- Your goal: Below are some records. Write out the line that contains "Flat For Rent In Palathupatti Manapparai" and all lines after it, exactly, but not the pictures.

Stored records:
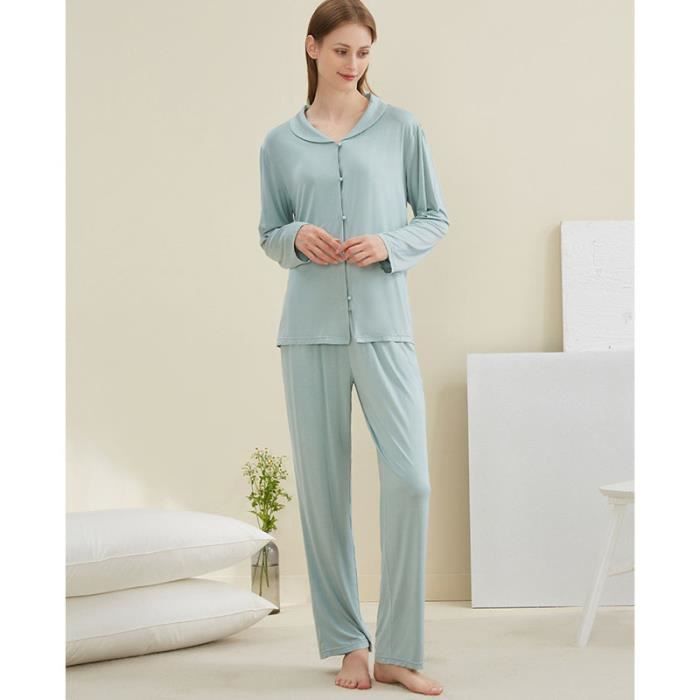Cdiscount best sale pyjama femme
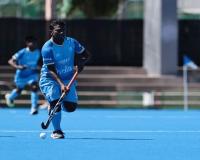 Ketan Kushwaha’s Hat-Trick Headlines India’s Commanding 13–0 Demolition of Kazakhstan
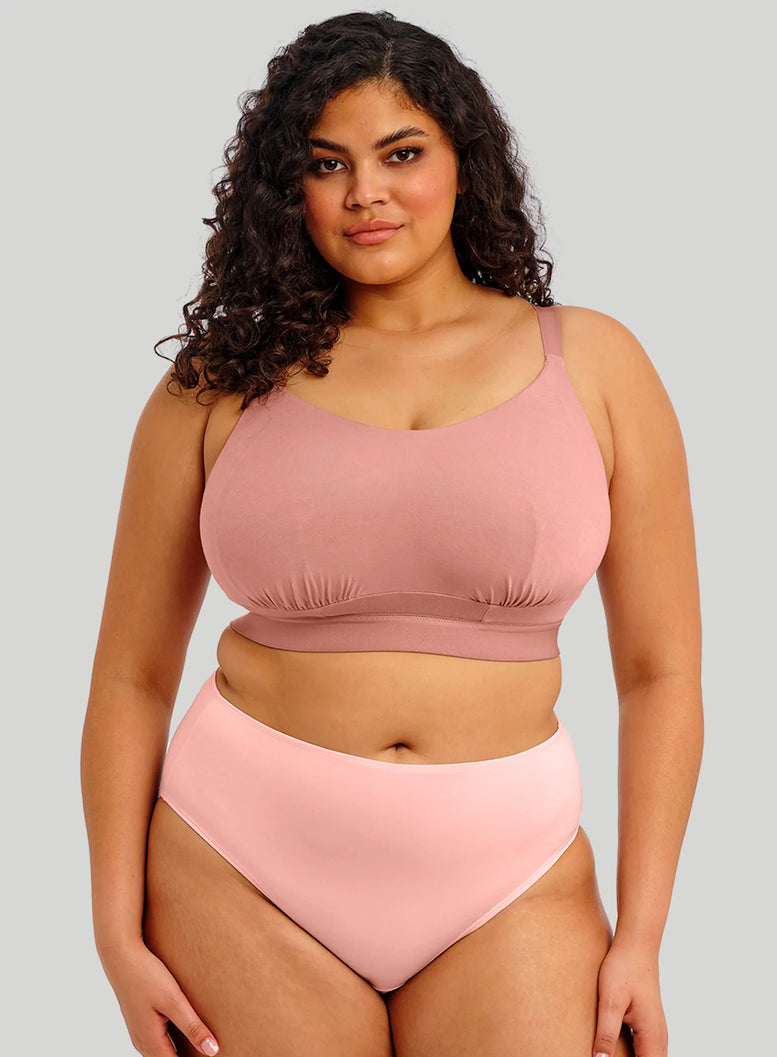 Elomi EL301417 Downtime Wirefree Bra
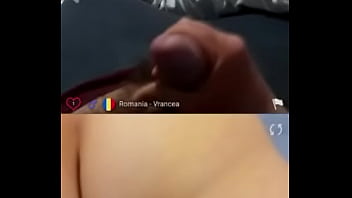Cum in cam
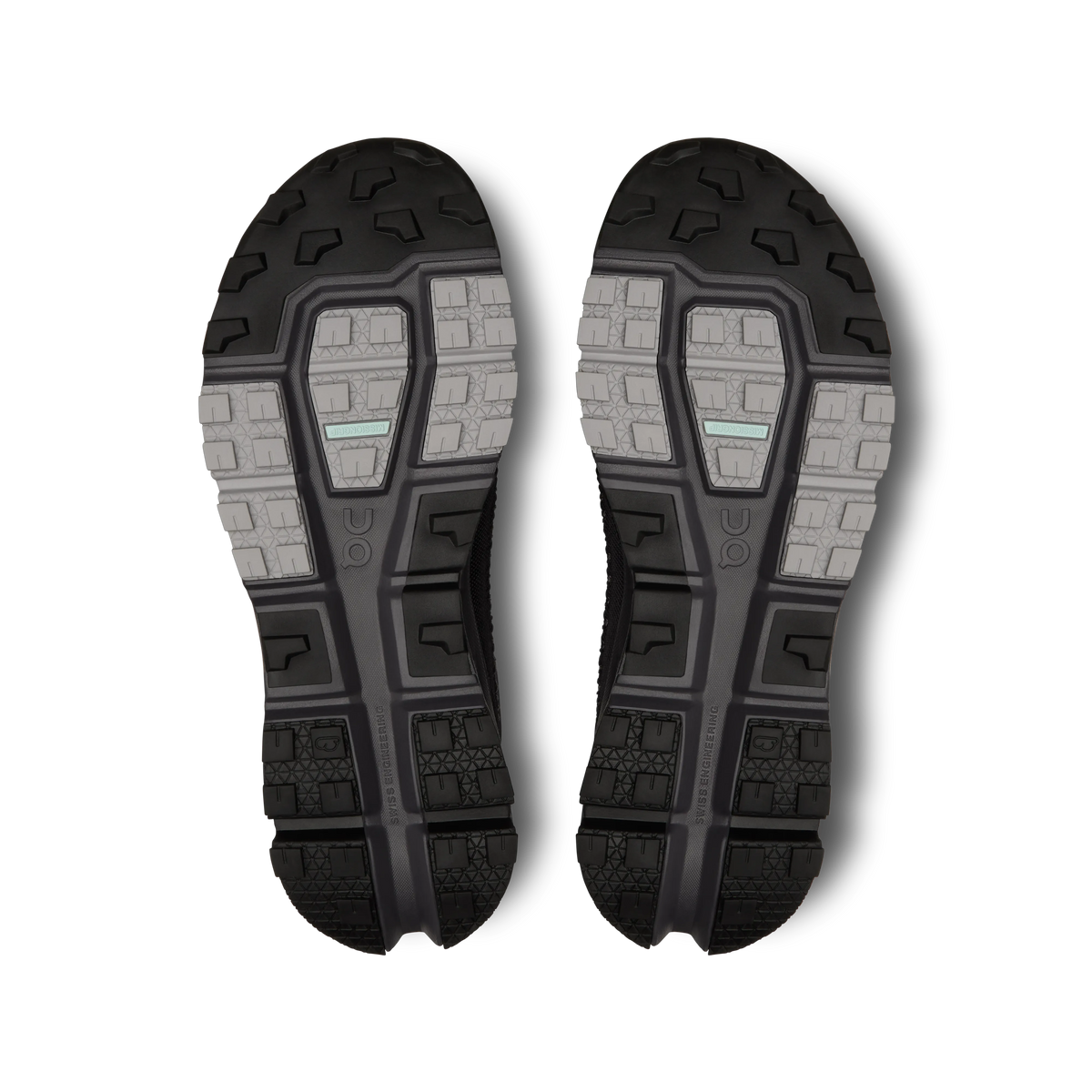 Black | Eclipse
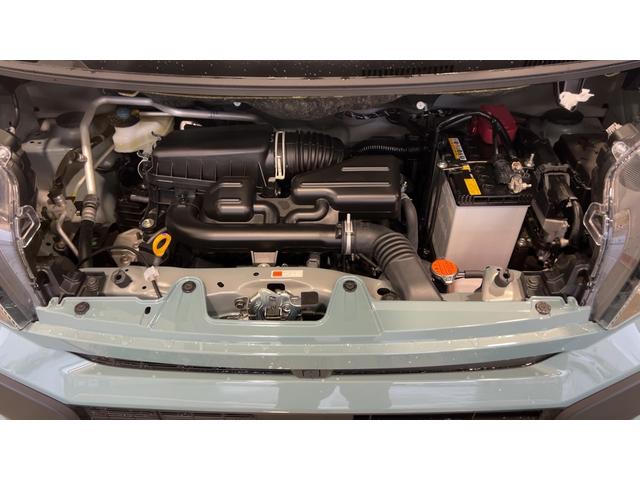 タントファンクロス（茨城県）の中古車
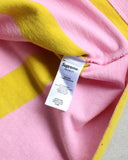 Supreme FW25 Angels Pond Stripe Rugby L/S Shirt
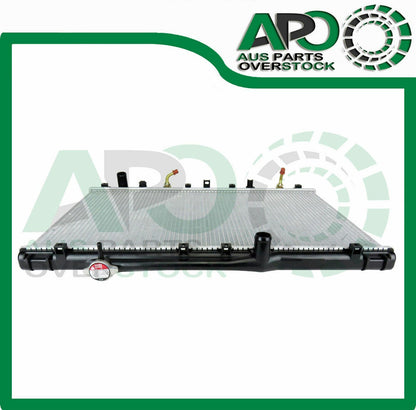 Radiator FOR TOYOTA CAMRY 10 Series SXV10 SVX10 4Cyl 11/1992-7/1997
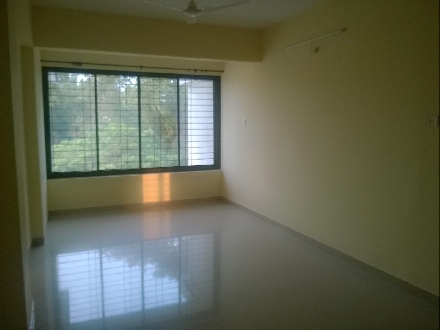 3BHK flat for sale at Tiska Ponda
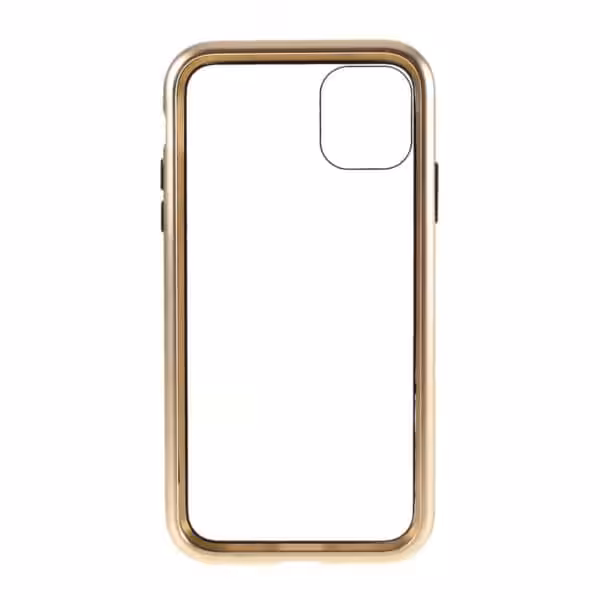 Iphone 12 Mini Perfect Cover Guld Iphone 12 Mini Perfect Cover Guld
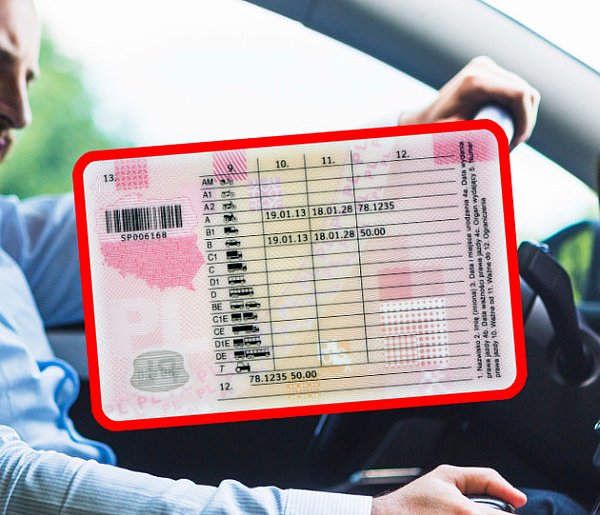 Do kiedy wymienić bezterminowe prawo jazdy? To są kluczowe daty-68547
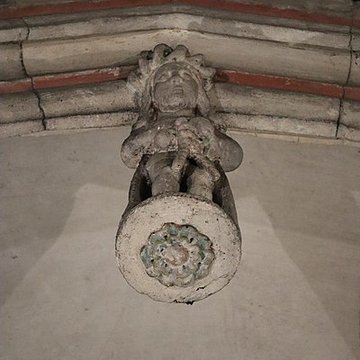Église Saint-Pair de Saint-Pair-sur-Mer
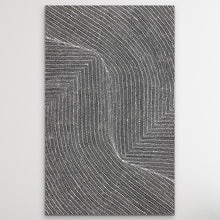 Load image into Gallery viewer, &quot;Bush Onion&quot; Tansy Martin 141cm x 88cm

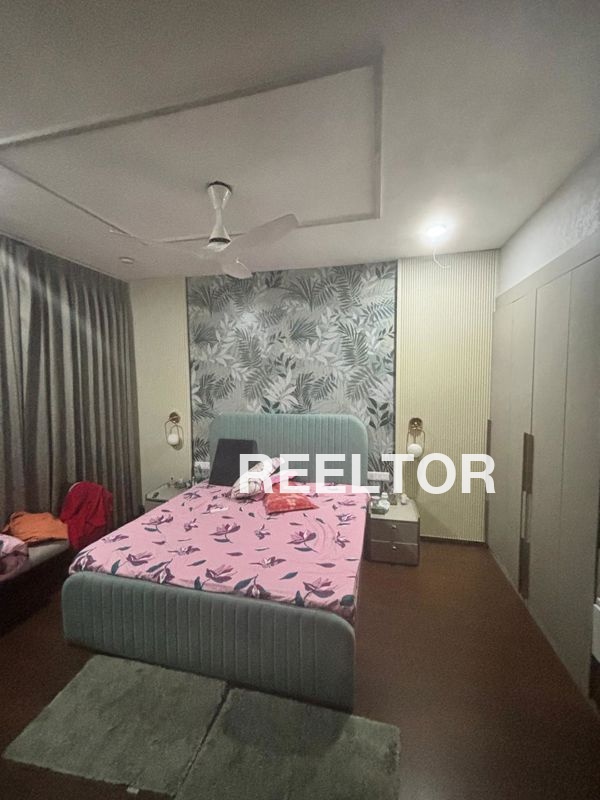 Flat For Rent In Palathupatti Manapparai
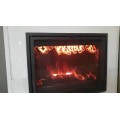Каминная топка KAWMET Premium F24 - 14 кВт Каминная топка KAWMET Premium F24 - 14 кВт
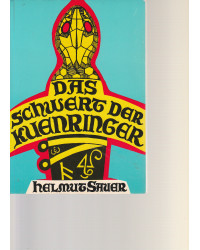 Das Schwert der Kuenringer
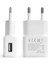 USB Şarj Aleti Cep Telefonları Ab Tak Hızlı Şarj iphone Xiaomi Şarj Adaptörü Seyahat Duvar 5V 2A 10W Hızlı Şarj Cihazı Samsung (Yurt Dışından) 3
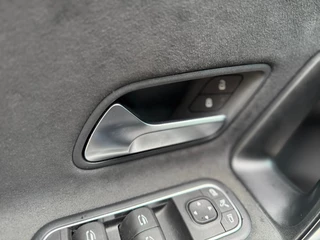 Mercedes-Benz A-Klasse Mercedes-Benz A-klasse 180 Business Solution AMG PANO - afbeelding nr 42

- Solution to this task:
 Flat For Rent In Palathupatti Manapparai
Каминная топка KAWMET Premium F24 - 14 кВт Каминная топка KAWMET Premium F24 - 14 кВт
 Das Schwert der Kuenringer
 USB Şarj Aleti Cep Telefonları Ab Tak Hızlı Şarj iphone Xiaomi Şarj Adaptörü Seyahat Duvar 5V 2A 10W Hızlı Şarj Cihazı Samsung (Yurt Dışından) 3
 Mercedes-Benz A-Klasse Mercedes-Benz A-klasse 180 Business Solution AMG PANO - afbeelding nr 42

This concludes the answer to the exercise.